La question du viol, et plus largement des violences et agressions sexuelles, est un sujet sociétal d’actualité en France et dans le monde occidental en général. C’est en effet un sujet de préoccupation majeure pour le vivre ensemble dans la sécurité physique et psychologique. Dans ce court article, je me pose la question de savoir quelle configuration de sens et quelles évolutions significatives de mise en scène discursive sont inscrites dans les titres de publications françaises en ligne centrés sur ce sujet et couvrant la décennie 2011-2020.
Sur le plan de la configuration de sens, l’analyse automatique du contenu du corpus significatif et pertinent de titres recueillis m’a permis de mettre en évidence neuf (9) références sémantiques importantes qui gravitent autour de la référence-cible « viol » (référence-cible qui englobe toutes les formes de violences et d’agressions sexuelles en général). Le graphe des relations ci-après, généré sous Gephi, nous en donne la configuration.

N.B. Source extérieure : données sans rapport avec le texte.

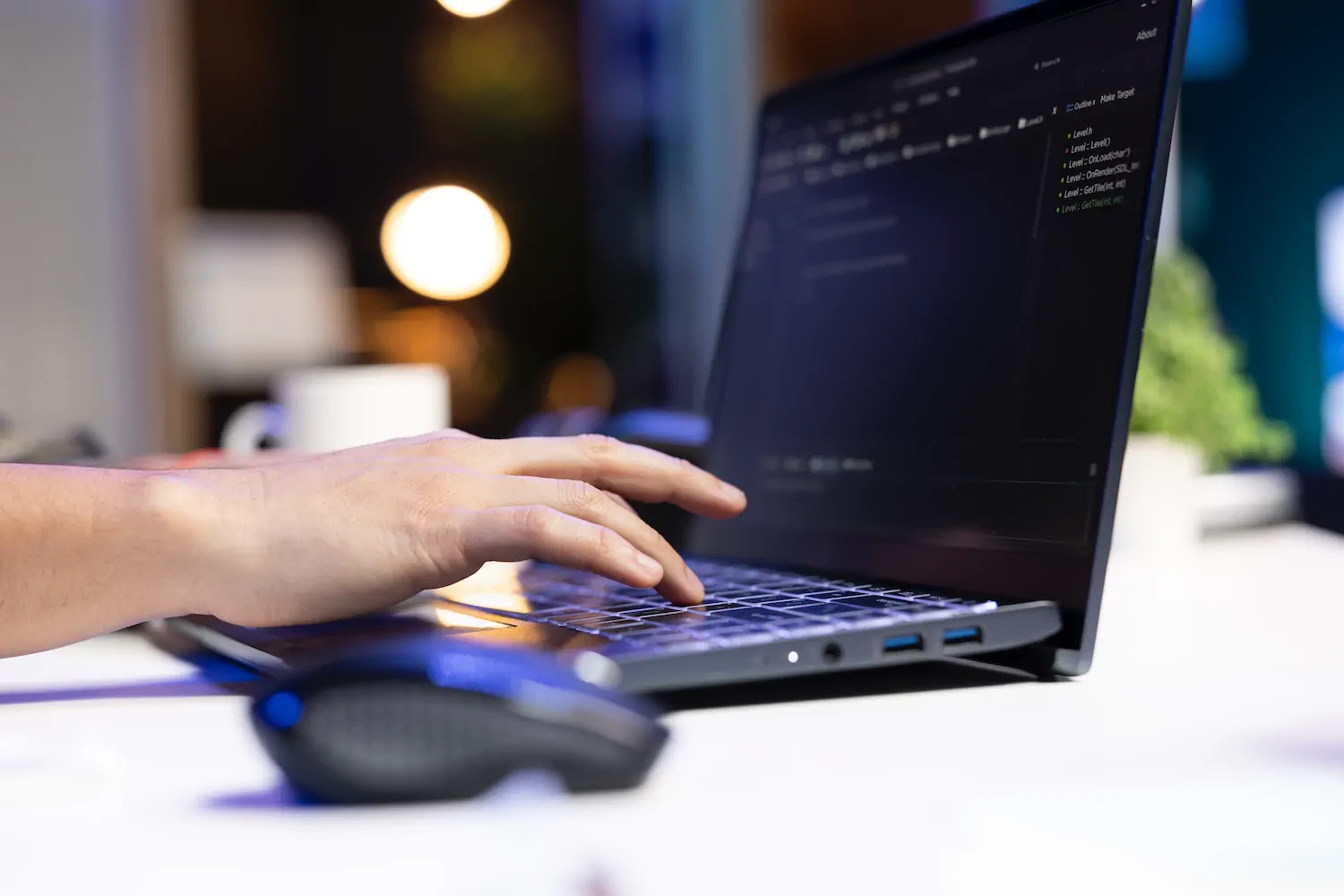 Programador trabajando en código desde laptop, enfocándose en seguridad web y prevención de ataques.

Au regard de ce graphe de relations sémantiques, j’attire l’attention sur trois points qui me paraissent hautement importants :
  Quand on parle de viols (de violences et d’agressions sexuelles en général) dans les titres de publications françaises en ligne, il s’agit le plus souvent de viols sur (et quelques fois entre) mineurs. Par le label « mineur », entendons les références « mineurs », « enfants », « adolescent-e-s », « jeunes filles », « jeunes garçons »). En France, la loi punit les « abus sexuels » suivants :
• La corruption de mineur, qui consiste pour un adulte à imposer (éventuellement via Internet) à un mineur, même de plus de 15 ans, des propos, des actes, des scènes ou des images susceptibles de le pousser à la dépravation sexuelle ;
• L’agression sexuelle, qui est un acte sexuel sans pénétration, commis par violence, contrainte, menace ou surprise ;
• Le viol, qui est un acte de pénétration sexuelle commis par violence, contrainte, menace ou surprise ;
• Le recours à un(e) prostitué(e).

  Ces viols (violences et agressions sexuelles en général) sont souvent des « viols en réunion », encore appelés « viols collectifs » ou « tournantes ». Rappelons ici qu’en droit français, le viol est réprimé par l’article 222-23 du code pénal comme « Tout acte de pénétration sexuelle, de quelque nature qu’il soit, commis sur la personne d’autrui ou sur la personne de l’auteur par violence, contrainte, menace ou surprise ». Par ailleurs, dans l’article 222-24 du code pénal, le « viol en réunion » est retenu par le droit français comme circonstance aggravante du viol « lorsqu’il est commis par plusieurs personnes agissant en qualité d’auteur ou de complice ». Le « viol en réunion » est puni en France d’une peine allant jusqu’à vingt ans de réclusion criminelle.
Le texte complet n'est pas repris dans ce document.